Cancer. Viral leukaemia. I pulled the creased pathology report from my pocket, and flipped through it one more time. The last page hadn’t magically changed into a happy ending—an oncovirology expert system’s declaration of a sure-fire cure. The last page was just the bill for all the tests. Twenty-seven thousand dollars.
At home, I sat and stared at my work station.
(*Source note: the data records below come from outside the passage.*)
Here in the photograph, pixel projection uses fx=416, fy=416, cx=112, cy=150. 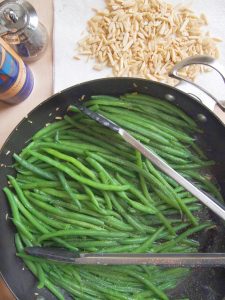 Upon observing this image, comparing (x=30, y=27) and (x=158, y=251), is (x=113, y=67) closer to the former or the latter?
(x=30, y=27)

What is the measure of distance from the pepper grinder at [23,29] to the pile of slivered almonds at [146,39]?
4.3 inches

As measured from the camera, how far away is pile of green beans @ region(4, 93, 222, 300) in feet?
2.95

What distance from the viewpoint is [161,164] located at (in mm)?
856

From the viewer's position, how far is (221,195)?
36.8 inches

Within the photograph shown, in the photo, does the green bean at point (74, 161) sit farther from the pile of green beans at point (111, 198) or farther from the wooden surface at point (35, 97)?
the wooden surface at point (35, 97)

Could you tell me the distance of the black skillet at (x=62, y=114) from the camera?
914 mm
Two months before, when a routine quarterly examination (required by my health insurance company, ever eager to dump the unprofitable sick) had revealed the first signs of trouble, I’d sworn to myself that I’d keep on working, keep on living exactly as if nothing had changed. The idea of indulging in a credit spree, or a world trip, or some kind of self-destructive binge, held no attraction for me at all. Any such final fling would be an admission of defeat. I’d go on a fucking world trip to celebrate my cure, and not before.
I had plenty of contract work stacked up, and that pathology bill was already accruing interest. Yet for all that I needed the distraction—for all that I needed the money—I sat there for three whole hours, and did nothing but brood about my fate. Sharing it with eighty thousand strangers scattered about the world was no great comfort.
Then it finally struck me. Paula. If I was vulnerable for genetic reasons, then so was she.
For identical twins, in the end we hadn’t done too bad a job of pursuing separate lives. She had left home at sixteen, to tour central Africa, filming the wildlife, and—at considerably greater risk—the poachers. Then she’d gone to the Amazon, and become caught up in the land rights struggle there. After that, it was a bit of a blur; she’d always tried to keep me up to date with her exploits, but she moved too fast for my sluggish mental picture of her to follow.